Mary Anne Barkhouse: The Reins of Chaos is a small exhibition catalogue by Mary Anne Barkhouse of her 2008 exhibition that explored the story of the four horses of the apocalypse. This Kwakwaka'wakw artist uses rocking horses and the coin-operated children's rides once popular in the 1960s to challenge the viewer's understanding of Indigenous Peoples critique contemporary culture. The unique aspect of the installation is that gallery attendees were able to insert coins into the mechanical horses for a ride and the fees were donated to a local donkey sanctuary.
The Lil'wat World of Charlie Mack contains the oral history and traditional stories and legends collected by Randy Bouchard and Dorothy Kennedy during their ethnographic study with Lil'wat Elder Charlie Seymour, also known as Charlie Mack (1899-1990). The collection includes background information about the Mount Currie Reserve as well as archival photographs and maps. Unfortunately there is no index available.
Weasel Tail: Stories Told by Joe Crowshoe Sr. (Aapohsoyyiis), a Peigan Blackfoot Elder is written by the late Joseph Crowshoe Sr and edited by Michael Ross. The collection is based on a series of audio interviews recorded between 1991 and 1998; one year prior to Crowshoe's passing. He is the renowned Peigan Elder recognized as the knowledge keeper for Blackfoot cultural history and traditions. In addition this collection includes conversation between Joe Crowshoe and his wife, Josephine Crowshoe about their childhood spent in residential schools.
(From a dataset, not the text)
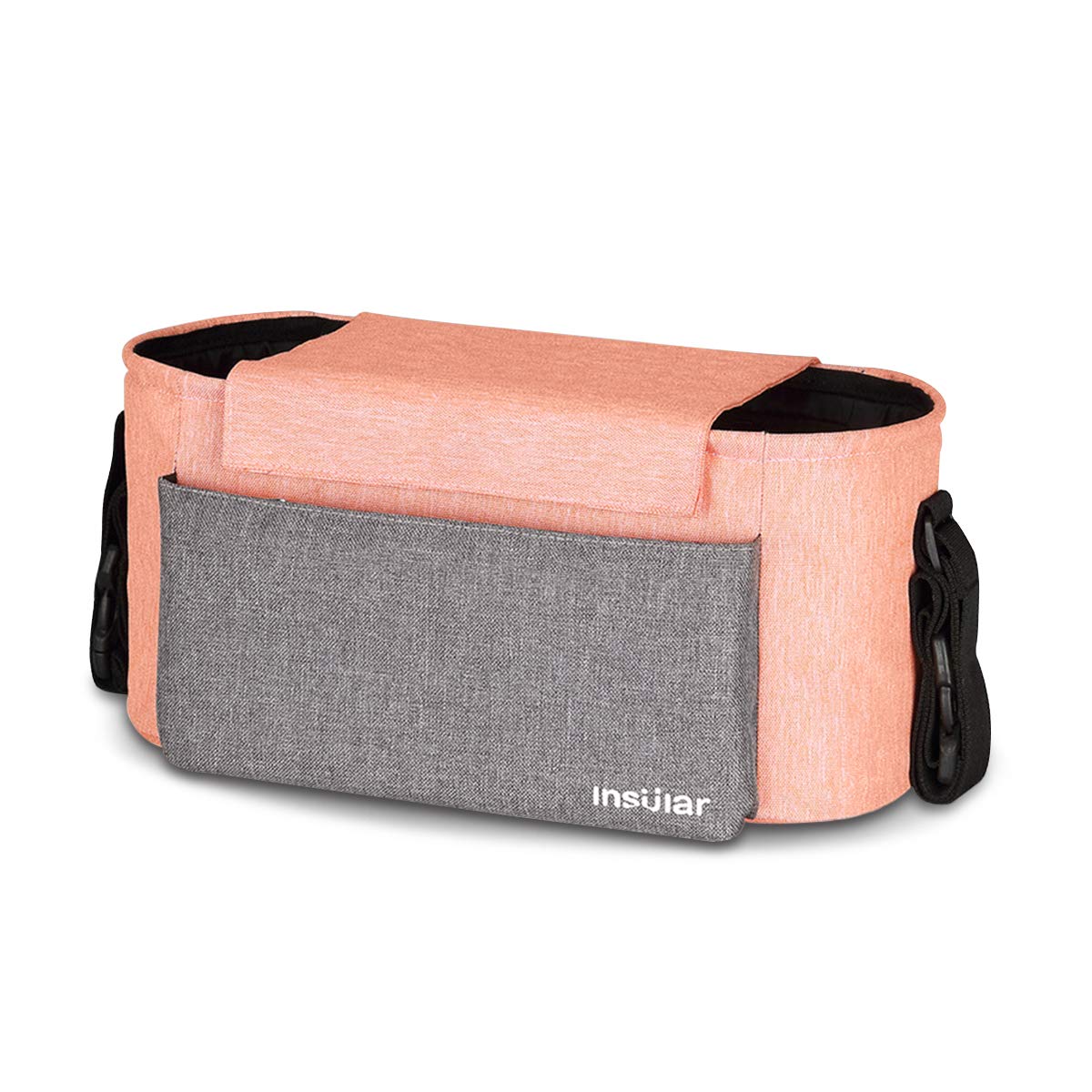 SONARIN Waterproof Stroller Organizer bag Baby Changing Bag,Satchel bag,Large Capacity for iPhone, Diapers, Toys and Accessories(Pink)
Circumstances Alter Photographs: Captain James Peters' Reports from the War of 1885 is a collection of 82 archival photographs including the Battle of Fish Creek through to the Battle of Batoche. Taken by a captain of the Royal Canadian Artillery's "A" Battery, part of the North West Field Force, this collection captures one man's viewpoint of the First Nations and Metis during the time of the Resistance. The book also includes the dispatches written by Peters that include letters and news articles from the period. Photographs of Beardy, Poundmaker, and Moosomin are included.
Every Bone Tells a Story: Hominin Discoveries, Deductions, and Debates from Charlesbridge Publishing was shortlisted books for the 2011 YALSA Award for Excellence in Nonfiction for Young Adults. This information book written by Jill Rubalcaba (a mathematician) and Peter Robertshaw (an archaeologist) explains the discovery and significance of four archaeological finds: Turkana Boy, Lapedo Child, Kennewick Man, and Iceman. The book is directed at middle school and high school students.